Regardless of which model is chosen, there are a few key steps that should be taken before Congress and the Administration can truly begin the process of developing a strong approach to cyber security, including:

  • Create effective oversight mechanisms. Currently, cyber security is subject to multiple layers of oversight by congressional committees. Often this duplicative oversight has led to conflicting priorities and messages, which in turn impede the creation of a robust cyber effort. Congress should look to streamline oversight of homeland security, including the cyber realm. Furthermore, the Obama Administration should activate the Privacy and Civil Liberties Oversight Board, which has stood empty since August 2007.
  • Organize the interagency. The Bush Administration did not make much headway organizing and coordinating the federal response to the cyber threat, and the Obama Administration is faring no better. For example, it took the Obama Administration seven months to name a cyber czar—one who would ultimately not have nearly enough authority. The National Security Agency and the Department of Homeland Security remain, apparently, locked in a battle over who will lead the cyber security effort. Meanwhile, the Department of Defense’s decision to set up a unified cyber command has yet to become a reality—and its relationship to the civilian sector has yet to be defined.

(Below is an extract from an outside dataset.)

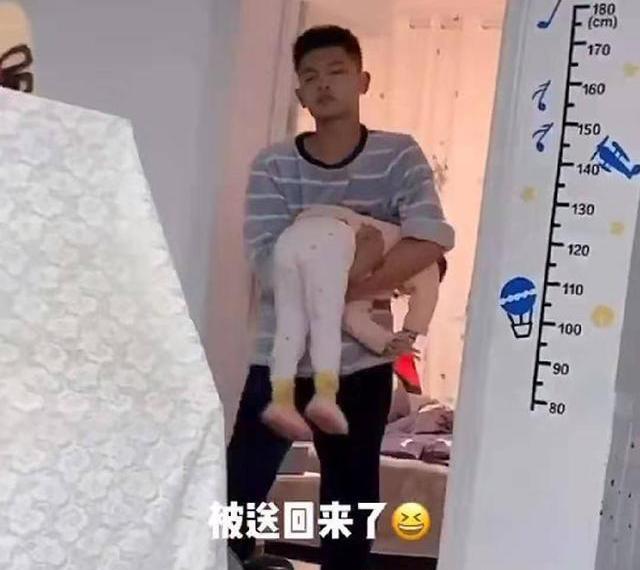 妹妹偷偷爬上哥哥的床，哥哥的反应太无情了，网友：同*妹妹情**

These are challenges that must be sorted through top-level leadership from the White House.
  • Increase coordination with the private sector. Virtually all of the critical cyber networks are owned and operated by private sector entities, run private sector code, and/or use private sector–manufactured routers and hardware. Most of the non-classified government and military traffic travels on private networks. Today, however, the government’s cyber response coordination with the private sector is less than ideal. For security reasons, the government shares limited information with the private sector. Conversely, business incentives often limit the willingness of the private sector to share threat information with each other or with the government. Improving coordination between the existing critical infrastructure sector coordination councils is essential.
  • Update law and policy. Most cyber-related laws and policies are several years old. Some, like the Privacy Act, which was passed in 1974, are so old that they might as well have been passed in medieval times—at least as far as computer and Internet technology are concerned. Some of the criminal, civil, and national security laws reflect assumptions about Internet architecture or the attributes of data that are no longer accurate descriptions of how cyber threats actually occur. The U.S. needs to update basic rules and authorities that govern this nation’s response to cyber threats.
  • Revise military doctrine. Many cyber threats are from private actors—hackers or criminals. But some of the most sophisticated threats come from peer-state competitors like China and Russia or non-state terrorist actors. Classic military doctrines on the use of armed forces, deterrence, and proportionality are all based on a conception of kinetic warfare between nation-states. None of these doctrines are easily translated into the cyber realm. Consequently, the U.S. should look to re-conceptualize military doctrines for the new cyber reality.

Need to Do More

The Cybersecurity Enhancement Act of 2009 provides research and education dollars, which can be used to spark innovation in the cyber security realm—a much-needed step toward solving the problems of cyber vulnerability. However, Congress and the Administration still need to do more.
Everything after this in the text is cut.